Richard Owen Currey
Richard Owen Currey | |
---|---|
Born | July 28, 1816 Nashville, Tennessee |
Died | February 17, 1865 Salisbury, North Carolina | (aged 48)
Occupation(s) | University professor, physician, preacher |
Spouse | Rachel Jackson Eastin |
Parents |
|
Military career | |
Allegiance | Confederate States of America (1861–1865) |
Service | Confederate States Army |
Years of service | 1861–1865 |
Rank | Surgeon, chaplain |
Richard Owen Currey (1816–1865) was an American academic, physician and Presbyterian minister. He was a professor at the University of Nashville and the publisher of agrarian and medical journals. During the American Civil War, he was a surgeon and chaplain for the Confederate States Army.
Early life
[edit]Richard Owen Currey was born on July 28, 1816[citation needed] in Nashville, Tennessee.[1] His father, Robert Brownlee Currey (1774–1848), served as the mayor of Nashville from 1822 to 1824.

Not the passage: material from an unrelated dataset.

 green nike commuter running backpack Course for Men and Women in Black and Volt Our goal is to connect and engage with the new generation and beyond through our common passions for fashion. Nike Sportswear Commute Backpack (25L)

Currey graduated from the University of Nashville in 1836.[2] He attended Transylvania University from 1837 to 1838, where he studied medicine, and he earned his MD from the University of Pennsylvania in 1840.[2]
Career
[edit]Currey was a physician, who also taught medicine in Tennessee. He became a Professor of Chemistry, Experimental Philosophy, and Natural History at East Tennessee University in 1846, and he pioneered laboratory-based botany teaching in Tennessee.[3] In 1850, he left East Tennessee University to teach at the University of Nashville.[2] By 1858, he joined the faculty at Shelby Medical College, also located in Nashville, followed by the Daughter's Collegiate Institute in Knoxville.[2]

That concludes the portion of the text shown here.